The market extended its slow-motion introversion yesterday. It also added some puzzles with the euro initially losing out against the dollar – then gaining – then losing once more, while USD/CHF made gains. At the same time GBP/USD found a low and pushed up strongly as expected. It has therefore become a rather difficult market to follow without the general correlation between these three in particular. Of course, we can look at the higher degree structures to place them in context, but even that – according to the risks I see – suggests discord between the group. We also have the Europeans beginning to threaten oscillation around the 4-hour Price Equilibrium Clouds that, if it continues, will risk confusion.
For these three it will be best to treat them individually and note the general momentum and technical factors that could trigger corrections or follow-through. Certainly, the EUR - CHF relationship does have potential discord.
The Aussie hit the extreme in its correction lower – reversing 2 points below a 76.4% retracement – and has reversed higher.

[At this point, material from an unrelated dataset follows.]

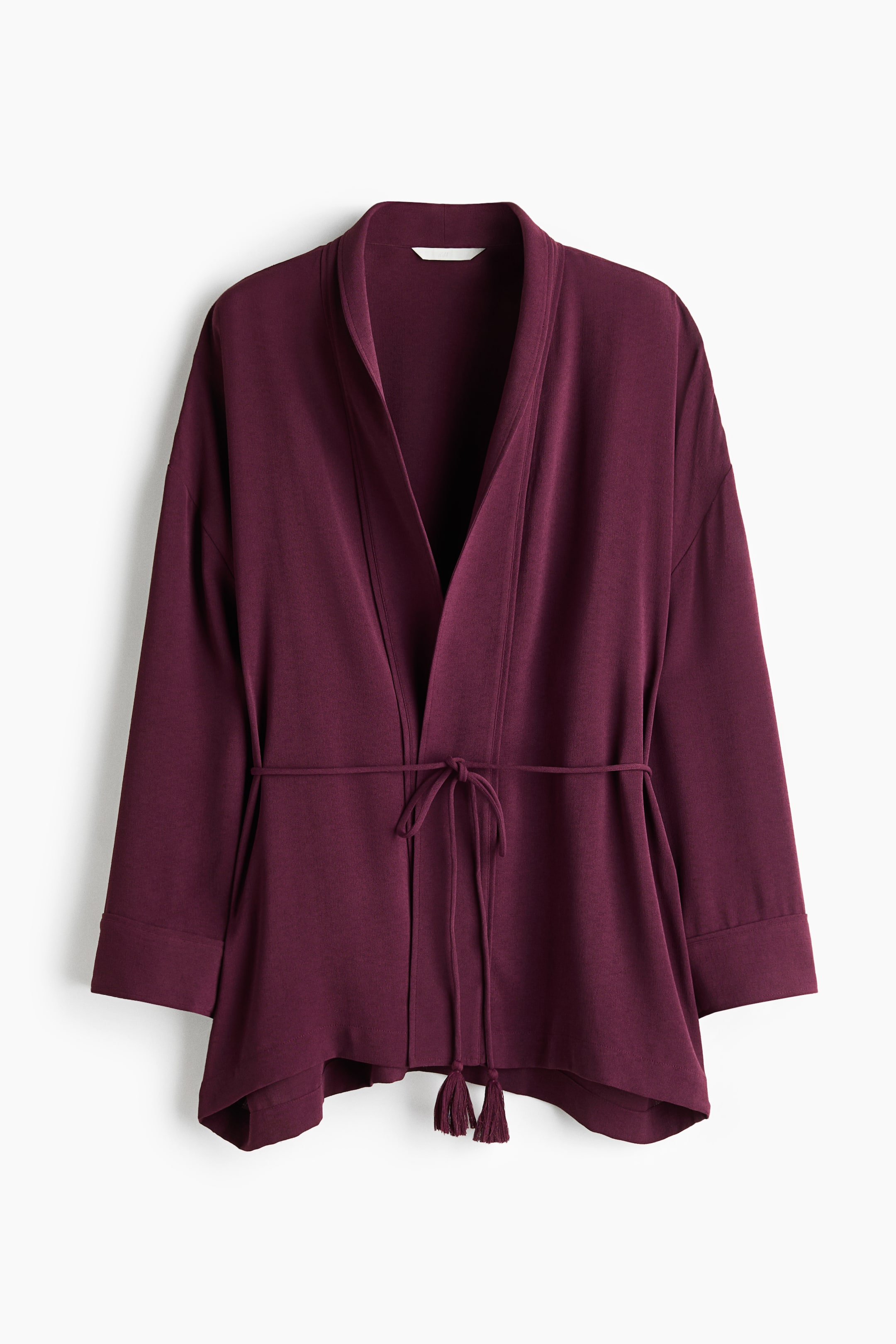 View larger image: A deep plum wrap jacket is hanging front-facing, showcasing an open-front design with a draped shawl collar. The jacket features dropped shoulders, wide-cuffed sleeves, and a thin, tasseled drawstring tie at the waist.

The lower degree structure has seen pretty direct gains but there are deeper swings coming at higher levels. Overall it should move above the 0.7045 high.
Having started out, some days ago, with the potential for an impulsive rally in USD/JPY, yesterday’s break of key support saw a deeper pullback that tends to suggest a more corrective recovery. In terms of the length of the decline from 123.75, this appears to be quite a brief correction higher… This allowed EUR/JPY to make further upward progress following a recycling. This tends to suggest some whippy moves from this point. It will be best to still sit out and wait for the required number of swings to develop.
Overall the outlook remains steady – and by that I mean that there doesn’t appear to be risk of a sharp move for the moment…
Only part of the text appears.